Microsoft Azure Sentinel
Outputs data to Microsoft Sentinel (Azure Monitor Logs). Compatible with Sentinel's data ingestion and querying capabilities.
Requirements
To use this output connector, you need:
- An onboarded Logs Analytics workspace in your Azure Portal.
- A Log Analytics workspace where you have at least contributor rights.
- Permissions to create DCR objects in the workspace.
Setup
Step 1: Create Microsoft Entra Application
From the above step, you would receive a valid Application (Client) ID, Directory (Tenant ID), and a Client Secret Value, which would be used as a part of setting up the output connector.
Where to find these values:
- Navigate to Azure Portal → Microsoft Entra ID (formerly Azure Active Directory)
- Click on App registrations → Select your application
- Application (Client) ID: Found on the application's Overview page
- Directory (Tenant) ID: Also found on the application's Overview page
- Client Secret: Go to Certificates & secrets → Client secrets tab → Copy the Value (not the Secret ID)
- ⚠️ Important: The client secret value is only shown once when created. Save it immediately.
Step 2: Create Data Collection Endpoint
Retrieve the Logs Ingestion URI from the dashboard created for the Data Collection Endpoint. (used as a setting named endpoint within the Output Configuration in Monad)

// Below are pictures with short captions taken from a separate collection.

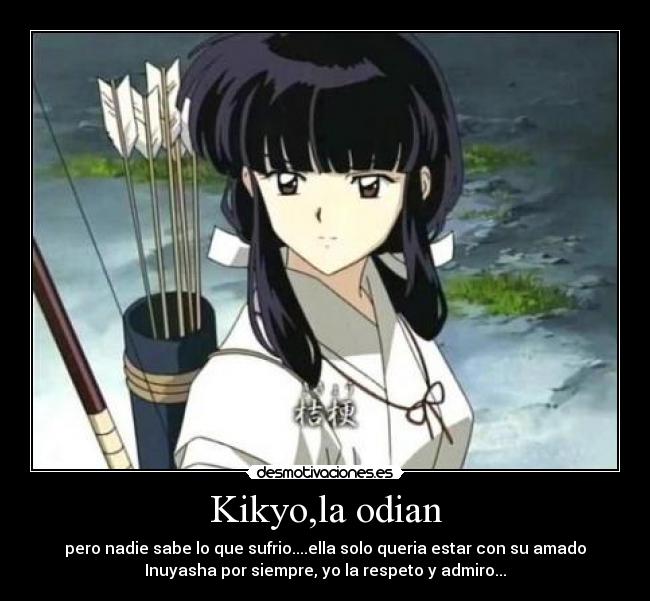 Kikyo,la odian - 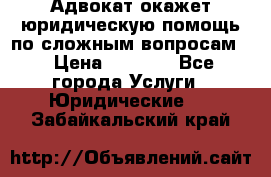 Адвокат окажет юридическую помощь по сложным вопросам  › Цена ­ 1 200 - Все города Услуги » Юридические   . Забайкальский край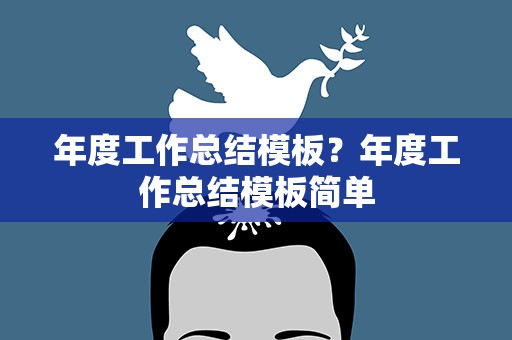 年度工作总结模板？年度工作总结模板简单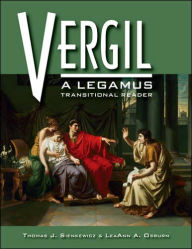 Title: Vergil: A LEGAMUS Trans Reader, Author: Thomas J. Sienkewicz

Where to find the Endpoint URL:
- Navigate to Azure Portal → Monitor → Data Collection Endpoints
- Select your data collection endpoint
- Find the Logs Ingestion URI on the Overview page
- Format:
https://<endpoint-name>.<region>.ingest.monitor.azure.com
Step 3: Create New Table in Log Analytics Workspace
Note: On creating a new table, you would be asked to upload a file with a sample JSON array of data through the portal for the Azure Monitor to set the schema automatically. This schema in Monad's context would refer to the type of data from an input connector you're trying to ingest (Example: Okta Users, CrowdStrike Vulnerabilities, etc). Some fields may be restored as keywords within Microsoft Sentinel. Refer to the below for more information:
Keywords Omitted (based on input connectors Monad supports as of July 29th, 2024):
uuidkindoutputscanidtype
Transformation to add timestamp:
source | extend TimeGenerated = now()
Configuration
The following configuration defines the input parameters. Each field's specifications, such as type, requirements, and descriptions, are detailed below.
Settings
| Setting | Type | Required | Description |
|---|---|---|---|
| Endpoint URL | string | Yes | The Azure Monitor Data Collection Rule (DCR) ingestion endpoint URL. |
| Rule ID | string | Yes | The unique identifier of the Data Collection Rule (DCR). |
| Stream Name | string | Yes | The name of the data stream defined in the Data Collection Rule. |
Secrets
| Secret | Type | Required | Description |
|---|---|---|---|
| Tenant ID | string | Yes | The Azure Active Directory tenant (directory) ID. |
| Client ID | string | Yes | The application (client) ID registered in Azure Active Directory. |
| Client Secret | string | Yes | The client secret associated with the registered application in Azure AD. |
Quick Reference: Finding Your Configuration Values
Rule ID (DCR Immutable ID)
- Go to Monitor → Data Collection Rules
- Select your DCR (e.g., "testrule")
- Click JSON View (top menu)
- Look for
"immutableId": "dcr-xxxxx..."
Stream Name
The stream name follows the pattern: Custom-[TableName]_CL
Method 1 - Via Tables:
- Go to Log Analytics workspaces → Select workspace
- Click Tables (under Settings)
- Find your custom table (e.g.,
docsuserfacingfixtest_CL) - Add
Custom-prefix:Custom-docsuserfacingfixtest_CL
Method 2 - Via DCR JSON:
- Go to Monitor → Data Collection Rules → Select your DCR
- Click JSON View
- Look under
properties.streamDeclarationsfor all available stream names to find the stream associated with your created table.